The Mortgage Practitioner
The Mortgage Practitioner is in Basildon and at first glance this also looked like a fairly simple site. The proposition is all around personal service, including a personal message from the firm's principal complete with photograph (“OK I know I'm not Brad Pitt,” he says, “but at least you will know the face of the person you're talking to”). The guide to mortgages offers click-throughs to a fair bit of information although some of it is in lumpy text which could do with breaking up. The main menu also has an option to “go to my automated mortgage website”. This takes you to a Mortgage 2000 white label site. There's loads of stuff here, getting good points for content and interactivity but losing in character and personal approach.

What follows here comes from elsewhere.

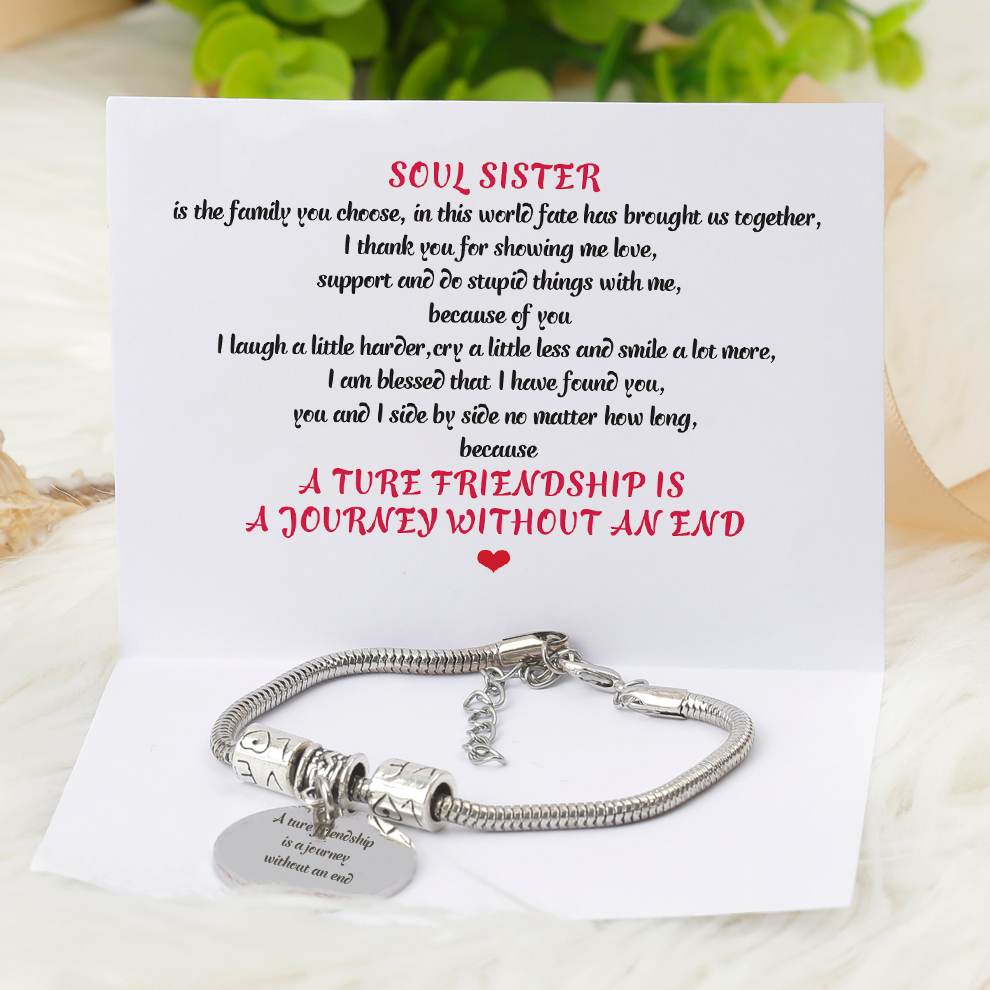 [CUSTOM NAMES] To Your Friend"A ture friendship is a journey without an end" Bracelet - SARAH'S WHISPER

With Apple Loans I've headed back to the seaside – Leigh-on-Sea. Apple Loans says its a firm of remortgage and loan specialists and its website is utterly single-minded. The focus for the site is to get visitors to contact the firm, preferably by completing the online enquiry form. Consequently, there's a big telephone number plus four 'apply now' links on the homepage and links on other pages too. There's even the carrot of a monthly prize draw for a Red Letter Day to encourage response. The bright red of the colour scheme helps as well. On the downside, there's no product or borrower information and no calculator. The FAQs, which need indexing, are reasonable although some of the explanations are a bit confusing.